Close has also received NSF and U.S. Navy funding to research the connection between meteoroids, plasma and lightning to understand how meteoroids and other phenomena that create atmospheric plasmas might cause interruptions to satellite communications, and then to help ameliorate these interruptions. Another, newer project tackles the problem of the communications blackouts that bedevil spacecraft when they re-enter the Earth's atmosphere at hypersonic speeds.
Beyond her research around meteoroids, Close is the Americas leader of QB50 a multi-national project to build a network of 50 small satellites to better understand the ionosphere, which lies some 300 kilometers above Earth's surface. Separately, she's exploring how to make electric plasma propulsion rockets more efficient for space travel.
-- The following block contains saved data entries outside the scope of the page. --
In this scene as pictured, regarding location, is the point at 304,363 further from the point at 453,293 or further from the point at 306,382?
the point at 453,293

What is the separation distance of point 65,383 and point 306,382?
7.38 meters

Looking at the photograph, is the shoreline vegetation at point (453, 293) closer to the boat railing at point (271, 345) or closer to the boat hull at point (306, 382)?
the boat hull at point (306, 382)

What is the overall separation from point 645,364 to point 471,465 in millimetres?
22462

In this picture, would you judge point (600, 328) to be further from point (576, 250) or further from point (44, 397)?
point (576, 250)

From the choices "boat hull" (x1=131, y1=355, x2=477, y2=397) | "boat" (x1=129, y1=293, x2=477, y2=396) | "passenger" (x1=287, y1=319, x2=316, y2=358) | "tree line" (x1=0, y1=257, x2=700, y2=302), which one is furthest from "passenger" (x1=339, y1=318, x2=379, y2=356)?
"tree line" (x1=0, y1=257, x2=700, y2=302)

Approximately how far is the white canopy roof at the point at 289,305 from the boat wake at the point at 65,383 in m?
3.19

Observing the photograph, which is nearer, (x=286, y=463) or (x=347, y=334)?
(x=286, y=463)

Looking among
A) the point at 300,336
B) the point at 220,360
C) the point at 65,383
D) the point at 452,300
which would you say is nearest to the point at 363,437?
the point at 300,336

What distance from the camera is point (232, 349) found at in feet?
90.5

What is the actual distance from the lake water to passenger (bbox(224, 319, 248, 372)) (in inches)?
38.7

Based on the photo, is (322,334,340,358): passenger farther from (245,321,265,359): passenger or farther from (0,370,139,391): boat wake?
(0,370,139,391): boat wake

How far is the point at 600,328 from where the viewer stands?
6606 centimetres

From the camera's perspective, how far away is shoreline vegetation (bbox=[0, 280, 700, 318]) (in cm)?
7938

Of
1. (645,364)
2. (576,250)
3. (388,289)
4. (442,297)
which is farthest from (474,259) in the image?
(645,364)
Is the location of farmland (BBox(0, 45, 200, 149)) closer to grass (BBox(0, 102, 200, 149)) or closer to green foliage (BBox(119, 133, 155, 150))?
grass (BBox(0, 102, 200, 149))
Her lab is also researching black box technology for spacecraft. "We don't have an all-inclusive set of sensors on spacecraft that looks at everything that the space environment can do to them," she said. She hopes the data from those boxes could be used to avoid these problems.
"If we're going to eventually send people to Mars, we need to learn about these phenomena, and no one has really been looking at them comprehensively until now."
A passion for science education
Close herself once dreamed of being an astronaut. Now the mother of two young girls, she is not so eager to fly into space. But she remains passionate about sharing her enthusiasm for space science at the university level and beyond.
To that end, Close regularly helps out with NASA outreach events and was one of the four main hosts for National Geographic's Known Universe TV series.
Next up, she's slated to host a multi-part series produced by Worldview Pictures about unresolved mysteries in astronomy and astronautics. The working title suits a researcher dedicated to solving the astronautic mysteries that nature throws at us – Sigrid Close: Space Investigator.
Simon Firth is a technology writer based in Palo Alto who writes frequently for Stanford Engineering.